[Discrete Mathematics] Relations Examples

@2:55 x!=y and y!=z for distinct x, y and z is symmetric and transitive but not reflective.

eimaldorani

Let A = {#, 7, x} and let R be the relation on A given by R = {(x, x), (7, 7), (#, #)}. Prove or disprove reflexivity, symmetry, and transitivity of R.

wtbruzm

@3:50 . Symmetry + transitivity works only when its defined for all elements in the set , else the reflexive relation might fail .

ferdiedsouza

Do you have any videos that go more in depth on equivalence relations and transitive closure?

JamisonOwenShow

2:32 I don't understand the symmetricity part for question i).

Using the definition of symmetricity:

forall x, y in A ( ((x, y) in R) then ((y, x)) in R) )

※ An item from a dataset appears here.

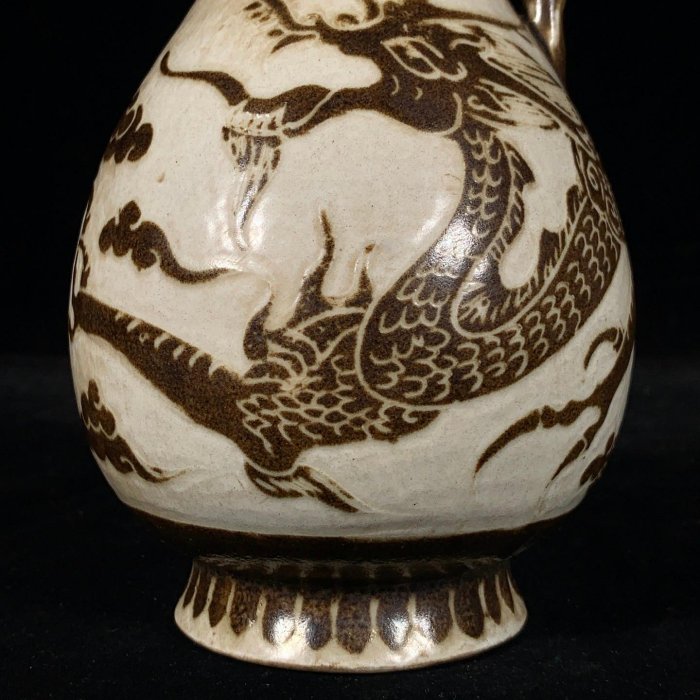 宋定窯褐彩刻龍紋壺，高20直徑10.5cm，2001737 瓷器官窯汝窯【古雲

If we take x = 2 and y = 3 and try: (2 < 3) -> (3 < 2), antecedent is true, and consequence is false, so implication is false so thus it is not symmetric. However, if we take x = 3 and y = 2 and try: (3 < 2) -> (2 < 3), antecedent is false, and consequence is true, so implication is true so now it is symmetric? For relations including strict inequalities, is there a rule that x < y < z? I'm not quite sure where I'm messing up.

DD

In the first question, 0:00
It's implicit that R1 and R2 are from within the same set?

yamatanoorochi

In the last part ("Assume: ..."), you said that it implies xRx "by transitivity", but isn't it by symmetry?
Because also the example above could only be irreflexive because it was not symmetric, or do I get something wrong?

And thank you so much for your videos! They help a lot!

Prenner

Isn't the empty relation transitive, symmetric, and irreflexive?

vishnureddy

Isn't it possible to have (x, x) in R1, and (y, y) in R2? This way both R1 and R2 are reflexive, but the intersection would not be, making the statement false?

kaspinator

Does anyone know what it means to "define the relation"? Been searching everywhere and can't seem to find it.

ikemblem